Skeletal Development : Evolutionary Implications
Comparative biology is not exactly a hot bed of social debate and ethical doubt. However, it does help to place all the anatomy and physiology we learn about ourselves and our fellow vertebrates into perspective. No one knows the exact reasons for why things happened, and in some cases it is barely known how they happened. If nothing else, though, it forces you to look at the way an animal works as a living, moving, eating, surviving whole and how the biology of its different tissues contributes to or endangers its existence.
Bone plays such a huge role in evolution: ultimately, it is one of the features that allowed the first tetrapods to hold themselves up on land without the buoyancy of water to support them against gravity. As a structural tissue, its capacity for flexibility of structure has made possible a huge number of shapes, sizes, and adaptations in movement and locomotion between species and allows one tissue to take on a number of functions within a single individual.

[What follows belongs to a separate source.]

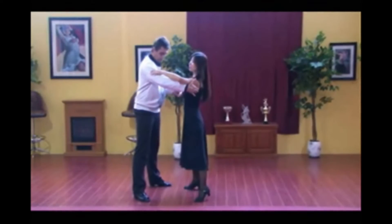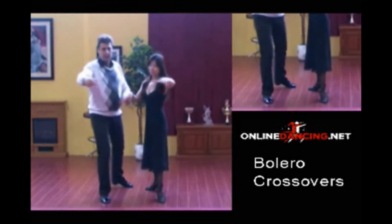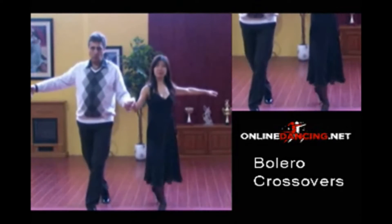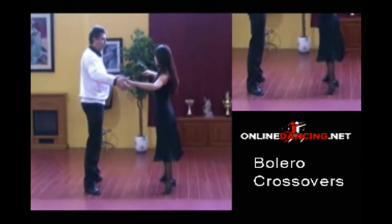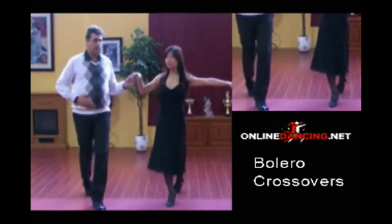I'm prepping my partner, so my right foot is slightly angled to go to the outside. And now we cross over: quick, quick, slow — man with the right foot, lady with the left. Quick and finish.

In looking at the skeleton, it is easy to examine it as a whole, though both evolution and embryology separate it in development. Each piece of the skeleton was selected for because of a completely unique function it had:
The possibilities of bone tissue itself for flexibility, strength, and most importantly remodeling and growth over other structural tissues gave the structures it made up the advantage of adaptability, which lead to the vast diversity of bone shapes and functions seen across the vertebrates.
The dermal plates in the head which began as a cumbersome body covering of bony plates ultimately came to provide protection to perhaps the most important organ of all, the brain.
The axial encasings of the spinal cord allowed a freedom of movement with a decreased effect on the nerve tube that allows it. Its segmentation gives it a flexibility unlike any other part of the skeleton. Later on, the development of the sternum allowed for the creation of negative pressure in the lungs that allowed animals to abandon buccal pumping and the long, flat head it required for a more freeing and efficient mode of respiration.
The appendicular skeleton started and remains in many animals today as two pairs of fins which are not used nearly as much for locomotion as is the tail in fish and took on weight bearing responsibilities upon the transfer to land. The limbs can now take on different shapes for climbers, diggers, walkers, bounders, swimmers, and fliers.
One of the most amazing things to realize, however, is how well conserved the signalling mechanisms that determine limb shape are. Though the very process by which bones become bone tissue is different in different parts of the skeleton, limb morphogenesis is directed by genes that are similare between humans, rats, and even drosophila. How the system has come to have such variety and yet such conservation of molecular mechanisms is something to wonder at.